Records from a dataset
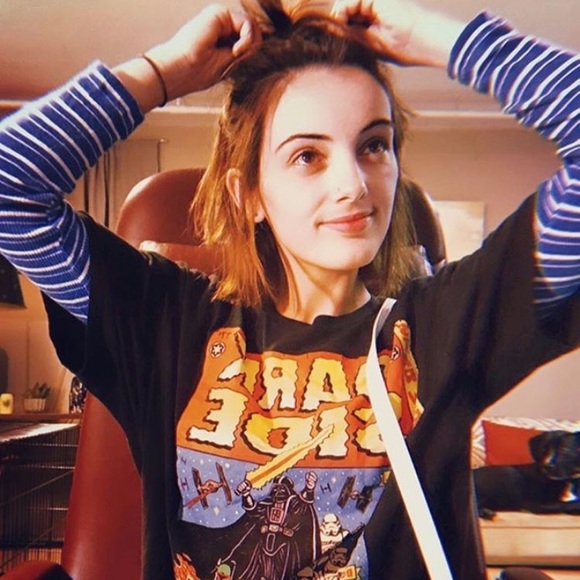 Meet your Posher, Manda - Picture 1 of 1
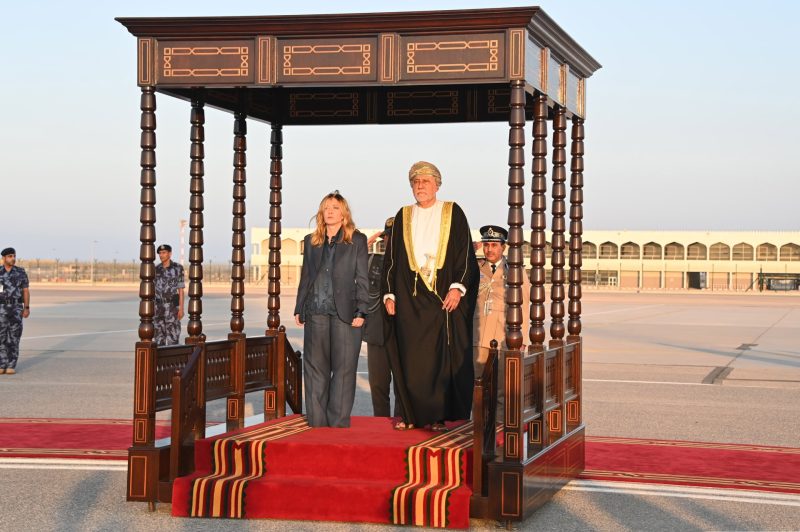 رئيسةُ وزراء الجمهورية الإيطالية تصل إلى سلطنة عُمان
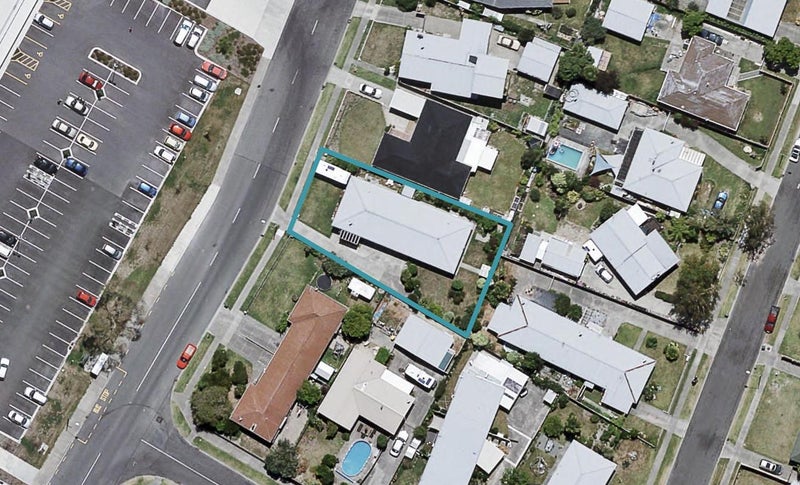 2/16 Leicester Avenue, Tamatea, Napier - Carousel 1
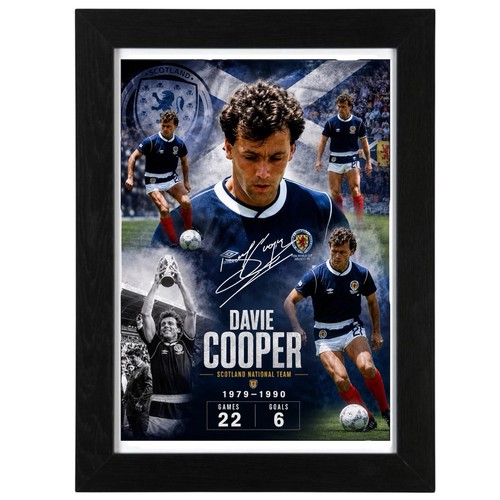 Davie cooper signed - davie, autograph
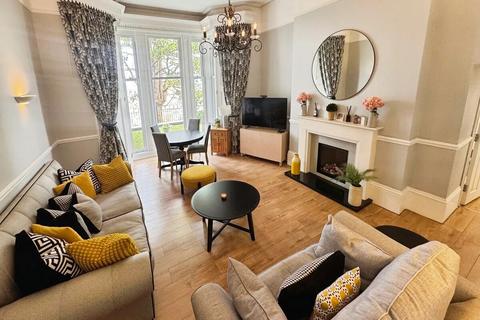 Highwood Grange, Wolborough Hill, NEWTON ABBOT, Devon.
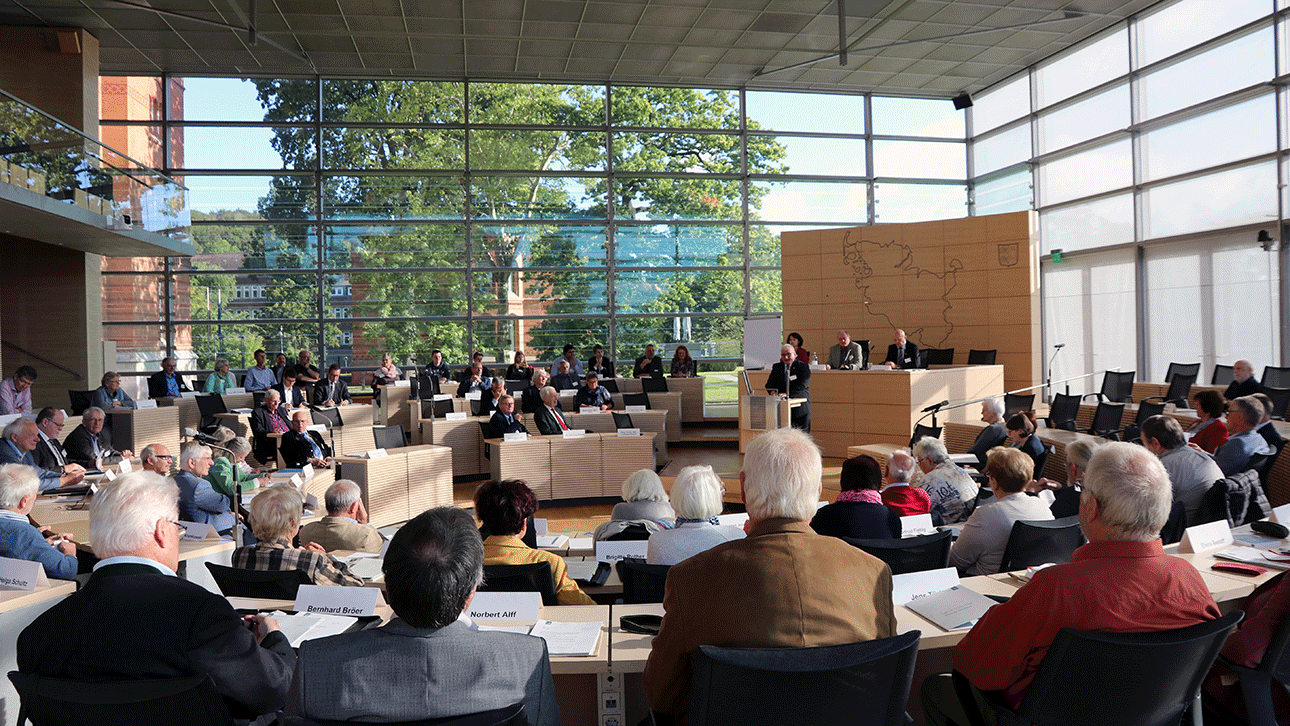 Landtagspräsident Klaus Schlie spricht im Plenarsaal vor dem Altenparlament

* _Exercise requirements_
The response consists of the data above printed line for line, with no pictures.

* _Finished exercise_
 Meet your Posher, Manda - Picture 1 of 1
 رئيسةُ وزراء الجمهورية الإيطالية تصل إلى سلطنة عُمان
 2/16 Leicester Avenue, Tamatea, Napier - Carousel 1
 Davie cooper signed - davie, autograph
 Highwood Grange, Wolborough Hill, NEWTON ABBOT, Devon.
 Landtagspräsident Klaus Schlie spricht im Plenarsaal vor dem Altenparlament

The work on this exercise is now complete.